Many apartment buildings forbid outdoor clothes drying. If I was very severely frugal in such places, I would use indoor clotheslines when temperature and humidity are favorable for such.
Thankfully I have yet to experience having any of my clothes dried in an electric clothes dryer at age well into the 40's. My experience is that clothes driers got their heat from natural gas - although in one apartment building I lived in, with electric stoves as opposed to gas ones, the driers had a "fuel oil" odor.
Also consider that in the metro areas of NYC, Philadelphia and Chicago, most residential electricity costs more like 14 cents per KWH. And in the portion of the Philly area served by what was formerly PECO, during a defined summer period monthly consumption past 500 or 600 or whatever KWH gets billed at more like 18 cents per KWH.
(From memory - I did not actually drag into my view my electric bill for last August. I will do so if my figures from my memory are disputed.)
Getting aggressive against "idling load" can somewhat easily reduce power consumption by close to 10 KWH per month, plus another 2, maybe even 3 KWH per month during air conditioning season.
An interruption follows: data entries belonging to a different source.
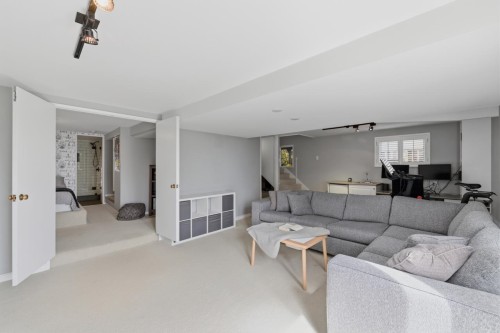 424 Keith Road E, North Vancouver, BC 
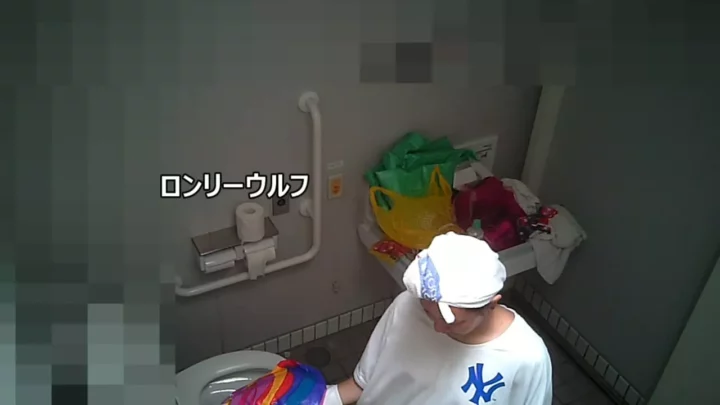 大胆な盗撮！歯医者で美人歯科助手との秘密の時間 のスクリーンショット 4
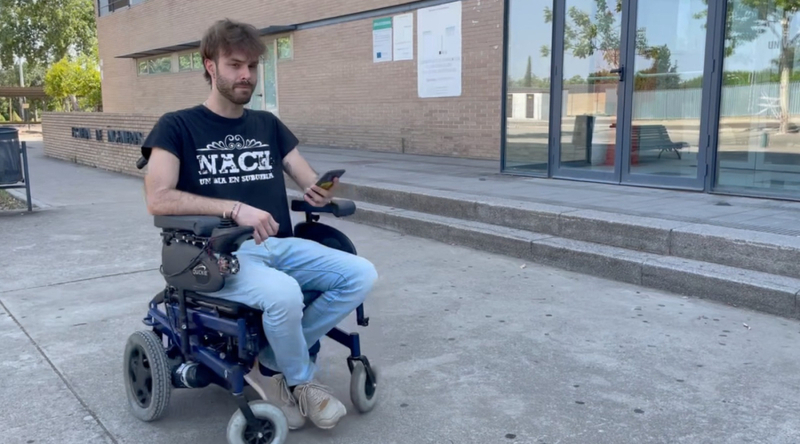 El ingeniero fontanés Franciso J. García ha diseñado la única silla de ruedas del mundo que se activa con la voz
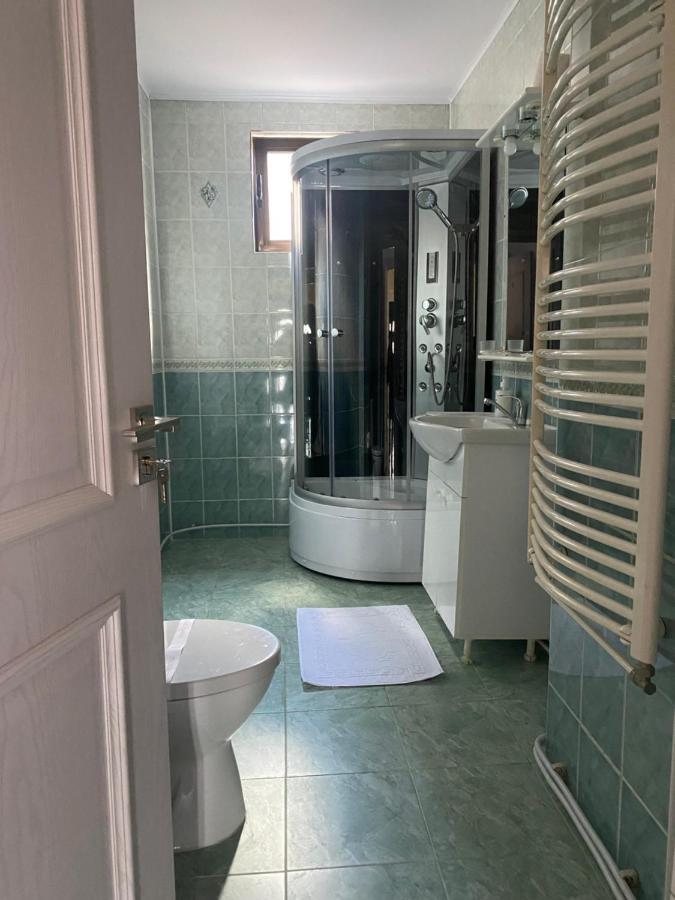 Casa Laur Hotel Manastirea Humorului Ngoại thất bức ảnh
At 18 cents or even if it is 16 cents per KWH in most of the Philly area for electricity consumption past 500-600 KWH per month during air conditioning season, I see a couple bucks per month in savings. At other times of the year, I see $1.25-$1.50 per month in savings from being aggressive against "phantom load" in/near Philly, NYC and Chicago.
- Don Klipstein ( snipped-for-privacy@misty.com)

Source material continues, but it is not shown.